- _EXERCISE DESCRIPTION_
Your answer must restate the listing below word for word and contain no images.

———

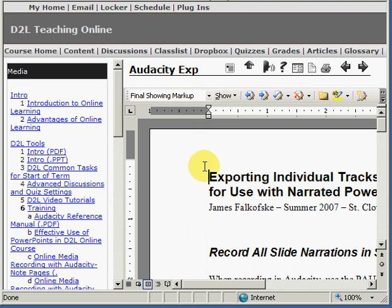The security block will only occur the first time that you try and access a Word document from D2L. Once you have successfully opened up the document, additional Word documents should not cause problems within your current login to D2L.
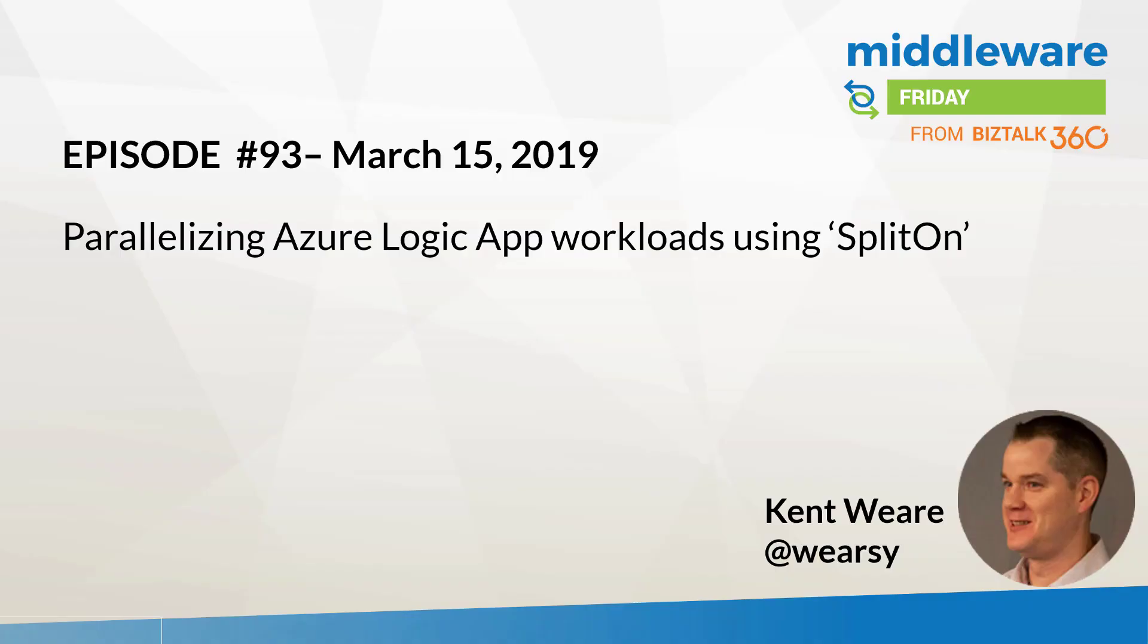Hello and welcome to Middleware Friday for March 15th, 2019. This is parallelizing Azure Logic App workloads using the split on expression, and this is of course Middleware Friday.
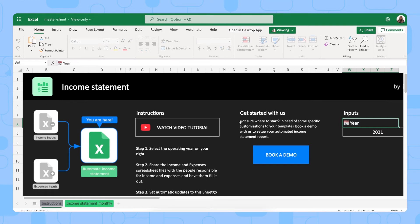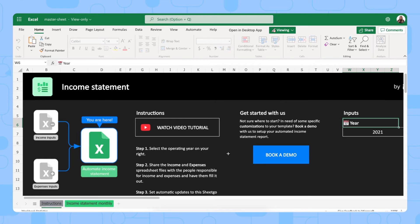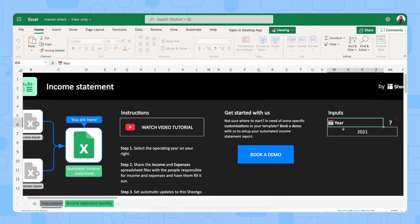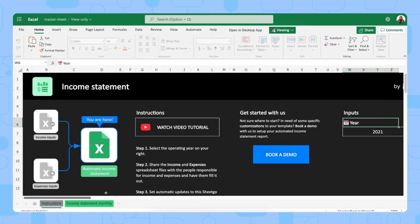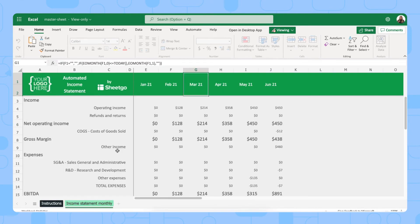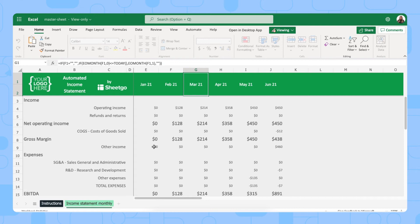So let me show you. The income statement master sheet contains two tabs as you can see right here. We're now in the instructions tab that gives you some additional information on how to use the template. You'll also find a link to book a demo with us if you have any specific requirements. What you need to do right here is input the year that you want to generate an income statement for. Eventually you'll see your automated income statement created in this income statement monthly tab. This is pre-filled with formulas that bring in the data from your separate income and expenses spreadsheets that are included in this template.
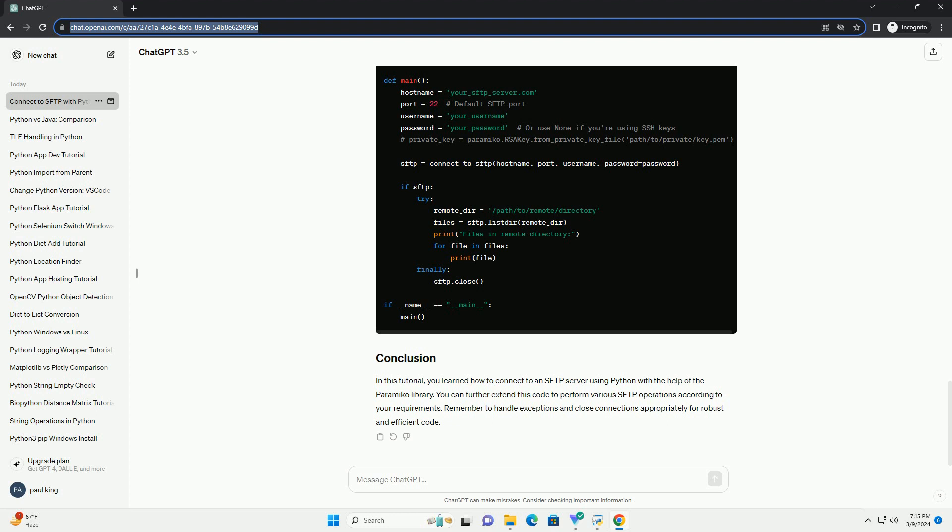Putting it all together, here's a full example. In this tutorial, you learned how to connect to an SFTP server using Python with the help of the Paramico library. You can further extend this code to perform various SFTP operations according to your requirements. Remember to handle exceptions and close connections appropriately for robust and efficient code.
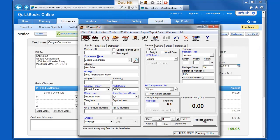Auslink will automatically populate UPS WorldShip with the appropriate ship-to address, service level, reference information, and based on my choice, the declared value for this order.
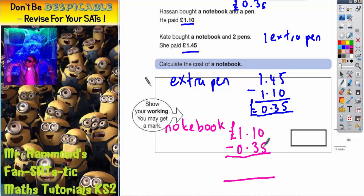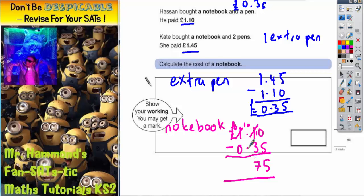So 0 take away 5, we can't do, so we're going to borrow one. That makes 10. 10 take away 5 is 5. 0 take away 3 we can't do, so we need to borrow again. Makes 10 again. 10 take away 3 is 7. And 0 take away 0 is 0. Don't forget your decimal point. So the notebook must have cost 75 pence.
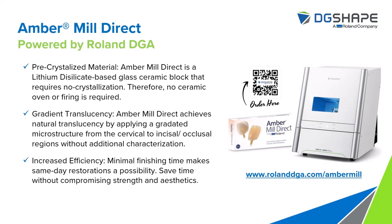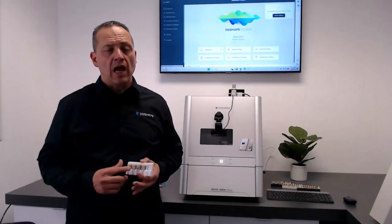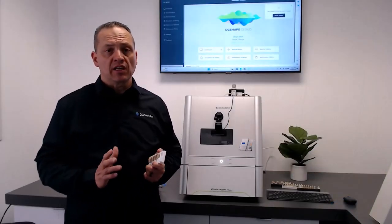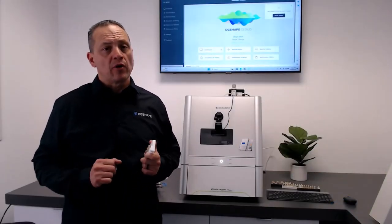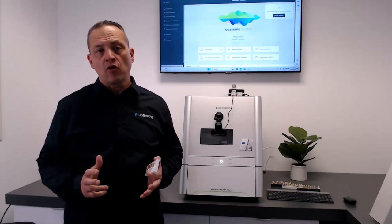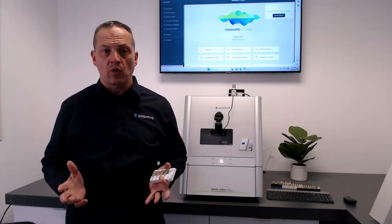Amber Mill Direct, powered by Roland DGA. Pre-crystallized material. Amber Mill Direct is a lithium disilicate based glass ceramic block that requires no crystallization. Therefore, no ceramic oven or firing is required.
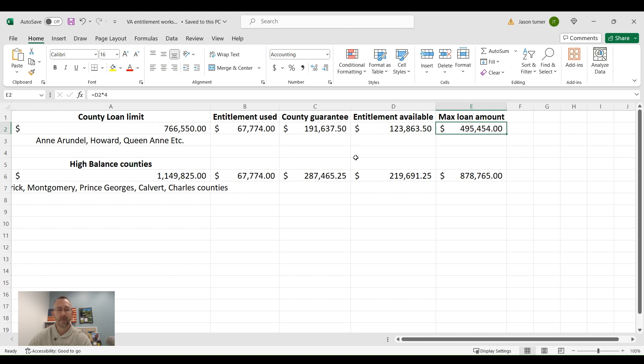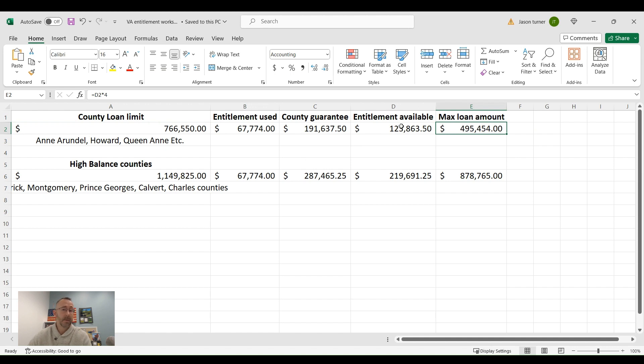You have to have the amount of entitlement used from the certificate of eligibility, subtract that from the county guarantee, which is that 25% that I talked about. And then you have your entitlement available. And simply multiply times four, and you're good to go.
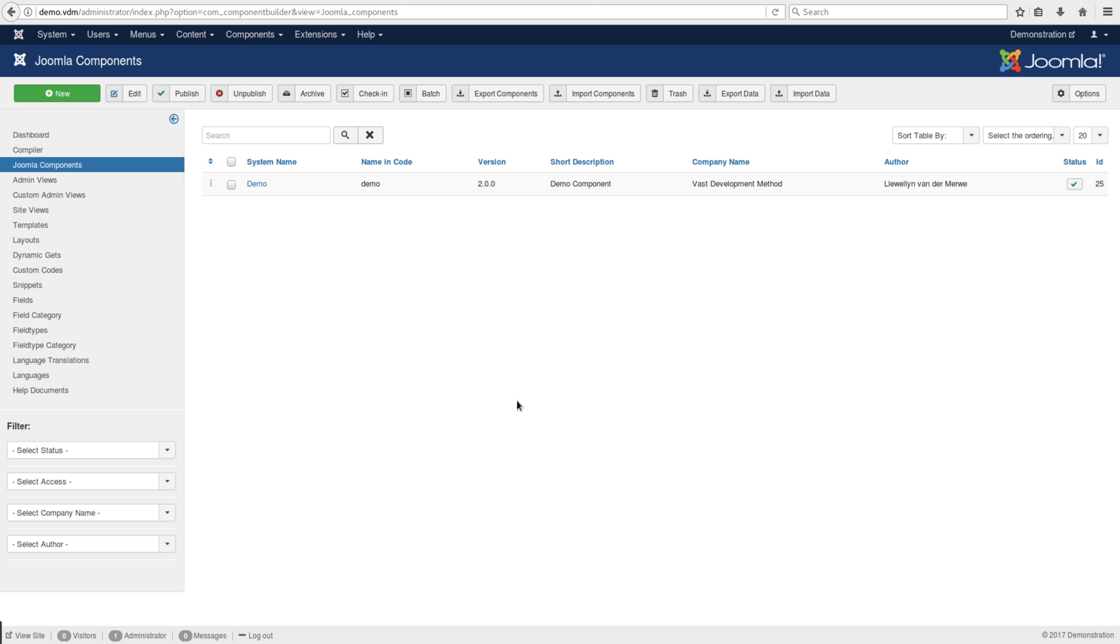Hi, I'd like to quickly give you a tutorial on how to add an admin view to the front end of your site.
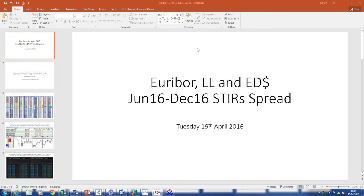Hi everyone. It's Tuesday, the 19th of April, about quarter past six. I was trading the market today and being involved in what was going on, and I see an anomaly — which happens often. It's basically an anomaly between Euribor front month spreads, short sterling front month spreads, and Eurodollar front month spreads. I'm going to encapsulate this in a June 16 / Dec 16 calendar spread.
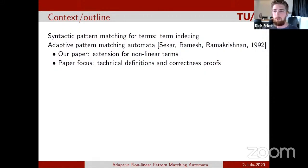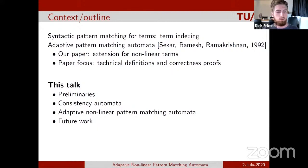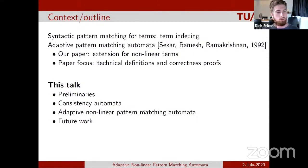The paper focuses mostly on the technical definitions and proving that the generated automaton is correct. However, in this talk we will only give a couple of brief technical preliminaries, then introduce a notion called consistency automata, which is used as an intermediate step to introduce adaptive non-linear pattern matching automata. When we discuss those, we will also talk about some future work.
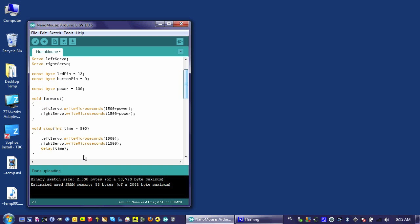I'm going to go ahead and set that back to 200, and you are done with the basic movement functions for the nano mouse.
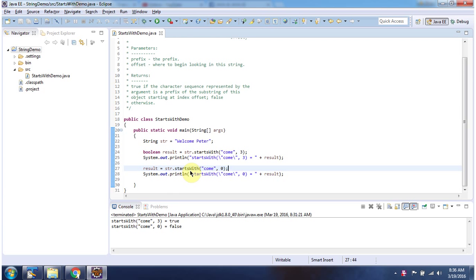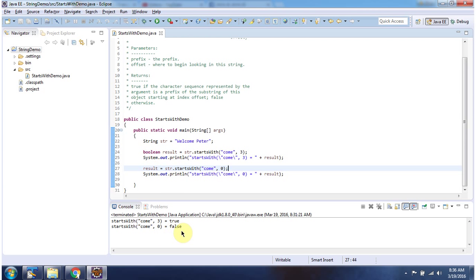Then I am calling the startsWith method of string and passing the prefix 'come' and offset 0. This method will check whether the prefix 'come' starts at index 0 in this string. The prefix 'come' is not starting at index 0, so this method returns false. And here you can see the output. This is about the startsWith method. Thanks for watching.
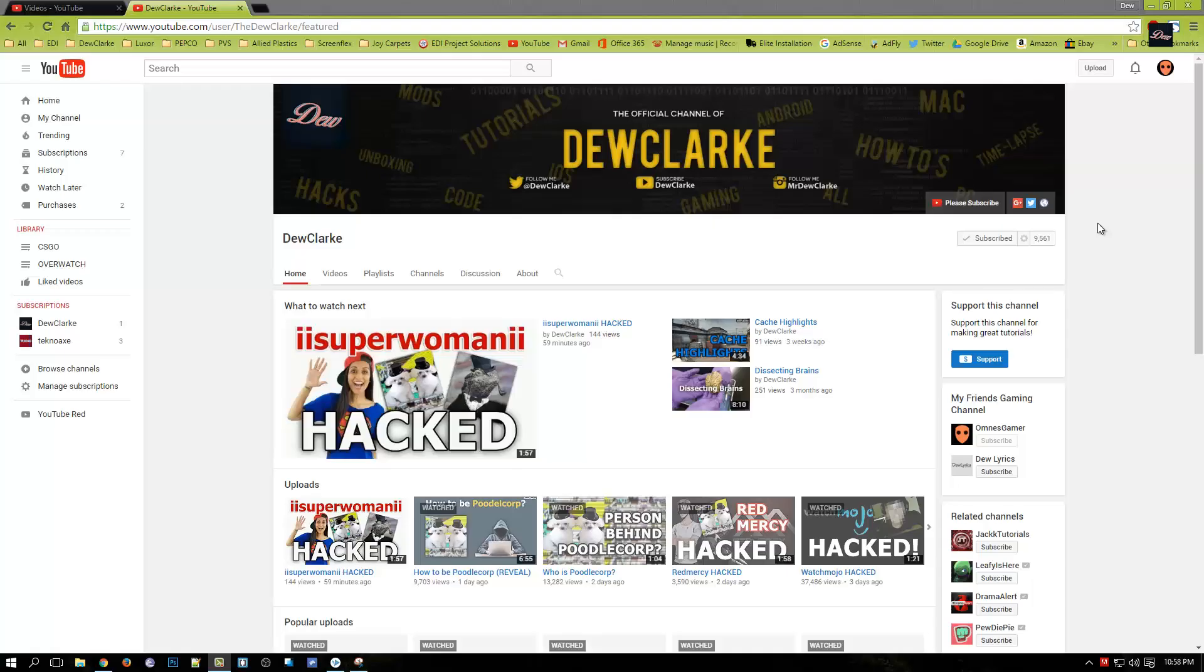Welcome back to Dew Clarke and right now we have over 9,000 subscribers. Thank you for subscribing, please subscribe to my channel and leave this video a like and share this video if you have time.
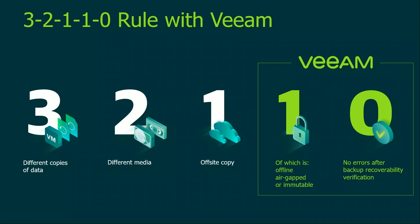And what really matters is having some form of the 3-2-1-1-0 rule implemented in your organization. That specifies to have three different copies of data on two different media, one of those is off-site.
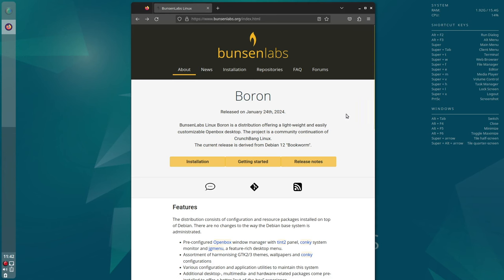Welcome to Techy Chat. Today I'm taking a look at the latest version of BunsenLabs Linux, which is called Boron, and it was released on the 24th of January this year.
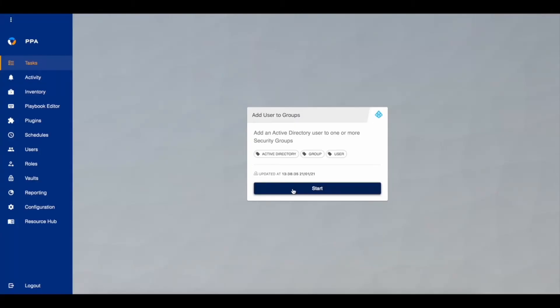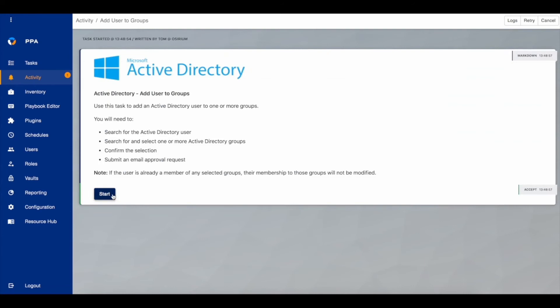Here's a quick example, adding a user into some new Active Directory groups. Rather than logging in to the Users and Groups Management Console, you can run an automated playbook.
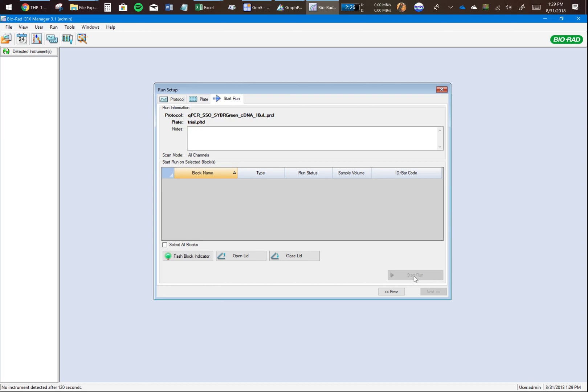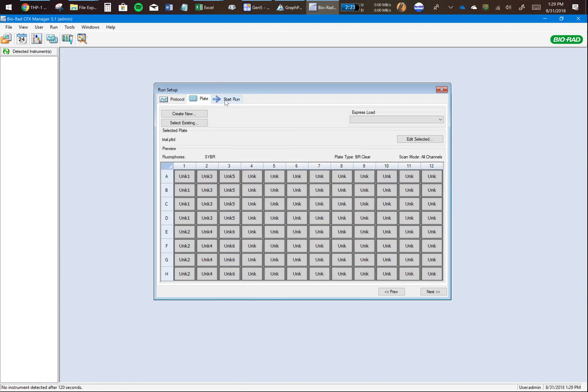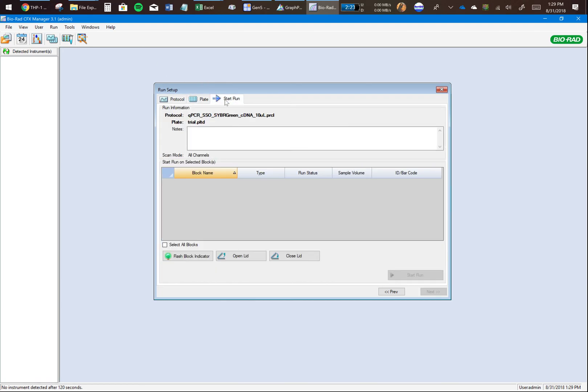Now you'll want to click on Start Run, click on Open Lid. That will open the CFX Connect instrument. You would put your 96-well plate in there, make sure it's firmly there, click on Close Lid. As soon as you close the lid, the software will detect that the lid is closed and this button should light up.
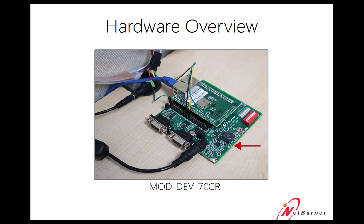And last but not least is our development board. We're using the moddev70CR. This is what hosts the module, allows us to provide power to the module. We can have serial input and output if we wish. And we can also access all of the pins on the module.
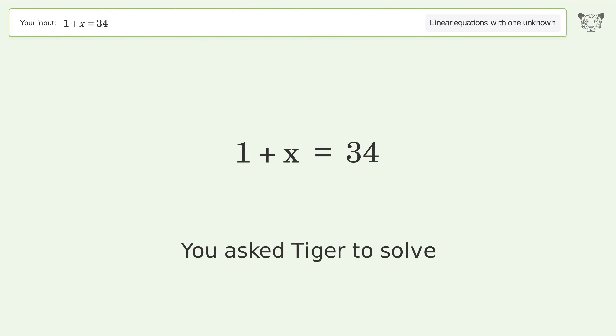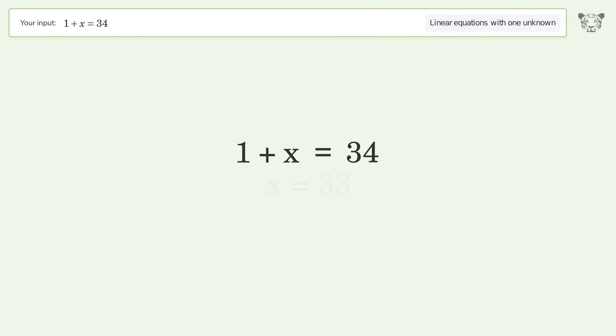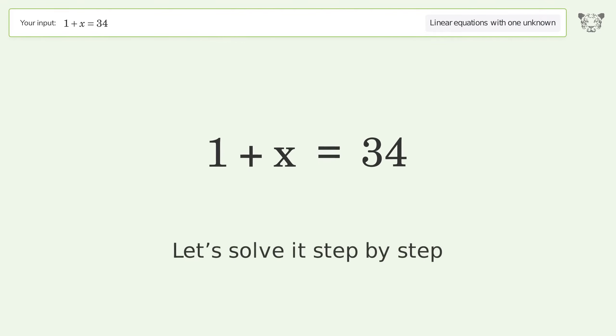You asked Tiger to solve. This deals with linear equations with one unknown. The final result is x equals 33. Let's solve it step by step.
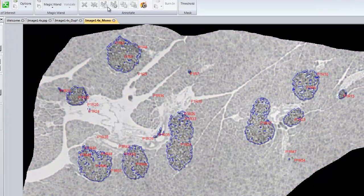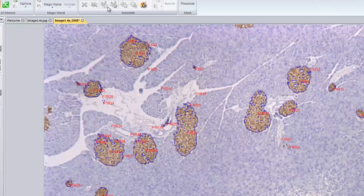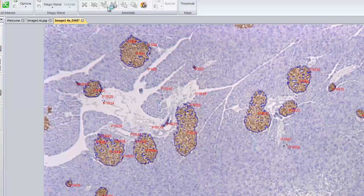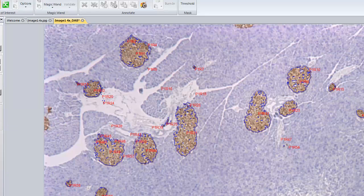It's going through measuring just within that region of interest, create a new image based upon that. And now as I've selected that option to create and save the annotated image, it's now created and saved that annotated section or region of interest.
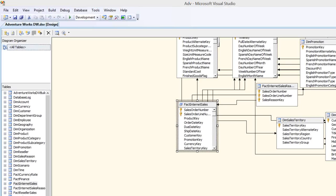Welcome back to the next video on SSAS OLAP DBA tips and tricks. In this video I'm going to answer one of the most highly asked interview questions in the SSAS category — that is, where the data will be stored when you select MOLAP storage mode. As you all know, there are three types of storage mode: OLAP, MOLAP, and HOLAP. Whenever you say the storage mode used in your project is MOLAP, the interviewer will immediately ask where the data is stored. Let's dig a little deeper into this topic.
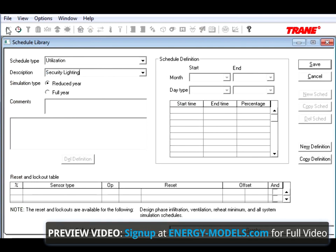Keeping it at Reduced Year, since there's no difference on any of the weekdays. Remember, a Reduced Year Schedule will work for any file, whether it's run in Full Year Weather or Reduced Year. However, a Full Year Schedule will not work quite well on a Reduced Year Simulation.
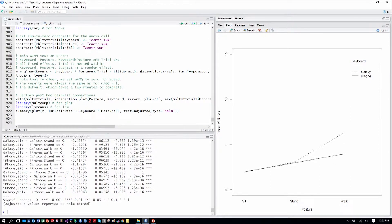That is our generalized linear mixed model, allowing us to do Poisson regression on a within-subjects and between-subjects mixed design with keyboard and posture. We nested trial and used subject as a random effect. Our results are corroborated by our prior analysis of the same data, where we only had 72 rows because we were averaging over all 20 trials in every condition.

———

- _ANSWER TO THIS EXERCISE_
The security block will only occur the first time that you try and access a Word document from D2L. Once you have successfully opened up the document, additional Word documents should not cause problems within your current login to D2L.
Hello and welcome to Middleware Friday for March 15th, 2019. This is parallelizing Azure Logic App workloads using the split on expression, and this is of course Middleware Friday.
So let me show you. The income statement master sheet contains two tabs as you can see right here. We're now in the instructions tab that gives you some additional information on how to use the template. You'll also find a link to book a demo with us if you have any specific requirements. What you need to do right here is input the year that you want to generate an income statement for. Eventually you'll see your automated income statement created in this income statement monthly tab. This is pre-filled with formulas that bring in the data from your separate income and expenses spreadsheets that are included in this template.
Putting it all together, here's a full example. In this tutorial, you learned how to connect to an SFTP server using Python with the help of the Paramico library. You can further extend this code to perform various SFTP operations according to your requirements. Remember to handle exceptions and close connections appropriately for robust and efficient code.
Auslink will automatically populate UPS WorldShip with the appropriate ship-to address, service level, reference information, and based on my choice, the declared value for this order.
So 0 take away 5, we can't do, so we're going to borrow one. That makes 10. 10 take away 5 is 5. 0 take away 3 we can't do, so we need to borrow again. Makes 10 again. 10 take away 3 is 7. And 0 take away 0 is 0. Don't forget your decimal point. So the notebook must have cost 75 pence.
Amber Mill Direct, powered by Roland DGA. Pre-crystallized material. Amber Mill Direct is a lithium disilicate based glass ceramic block that requires no crystallization. Therefore, no ceramic oven or firing is required.
You have to have the amount of entitlement used from the certificate of eligibility, subtract that from the county guarantee, which is that 25% that I talked about. And then you have your entitlement available. And simply multiply times four, and you're good to go.
Hi, I'd like to quickly give you a tutorial on how to add an admin view to the front end of your site.
Hi everyone. It's Tuesday, the 19th of April, about quarter past six. I was trading the market today and being involved in what was going on, and I see an anomaly — which happens often. It's basically an anomaly between Euribor front month spreads, short sterling front month spreads, and Eurodollar front month spreads. I'm going to encapsulate this in a June 16 / Dec 16 calendar spread.
The paper focuses mostly on the technical definitions and proving that the generated automaton is correct. However, in this talk we will only give a couple of brief technical preliminaries, then introduce a notion called consistency automata, which is used as an intermediate step to introduce adaptive non-linear pattern matching automata. When we discuss those, we will also talk about some future work.
I'm going to go ahead and set that back to 200, and you are done with the basic movement functions for the nano mouse.
Then I am calling the startsWith method of string and passing the prefix 'come' and offset 0. This method will check whether the prefix 'come' starts at index 0 in this string. The prefix 'come' is not starting at index 0, so this method returns false. And here you can see the output. This is about the startsWith method. Thanks for watching.
Welcome back to Dew Clarke and right now we have over 9,000 subscribers. Thank you for subscribing, please subscribe to my channel and leave this video a like and share this video if you have time.
And what really matters is having some form of the 3-2-1-1-0 rule implemented in your organization. That specifies to have three different copies of data on two different media, one of those is off-site.
Welcome to Techy Chat. Today I'm taking a look at the latest version of BunsenLabs Linux, which is called Boron, and it was released on the 24th of January this year.
Here's a quick example, adding a user into some new Active Directory groups. Rather than logging in to the Users and Groups Management Console, you can run an automated playbook.
Now you'll want to click on Start Run, click on Open Lid. That will open the CFX Connect instrument. You would put your 96-well plate in there, make sure it's firmly there, click on Close Lid. As soon as you close the lid, the software will detect that the lid is closed and this button should light up.
And last but not least is our development board. We're using the moddev70CR. This is what hosts the module, allows us to provide power to the module. We can have serial input and output if we wish. And we can also access all of the pins on the module.
You asked Tiger to solve. This deals with linear equations with one unknown. The final result is x equals 33. Let's solve it step by step.
It's going through measuring just within that region of interest, create a new image based upon that. And now as I've selected that option to create and save the annotated image, it's now created and saved that annotated section or region of interest.
Welcome back to the next video on SSAS OLAP DBA tips and tricks. In this video I'm going to answer one of the most highly asked interview questions in the SSAS category — that is, where the data will be stored when you select MOLAP storage mode. As you all know, there are three types of storage mode: OLAP, MOLAP, and HOLAP. Whenever you say the storage mode used in your project is MOLAP, the interviewer will immediately ask where the data is stored. Let's dig a little deeper into this topic.
Keeping it at Reduced Year, since there's no difference on any of the weekdays. Remember, a Reduced Year Schedule will work for any file, whether it's run in Full Year Weather or Reduced Year. However, a Full Year Schedule will not work quite well on a Reduced Year Simulation.
That is our generalized linear mixed model, allowing us to do Poisson regression on a within-subjects and between-subjects mixed design with keyboard and posture. We nested trial and used subject as a random effect. Our results are corroborated by our prior analysis of the same data, where we only had 72 rows because we were averaging over all 20 trials in every condition.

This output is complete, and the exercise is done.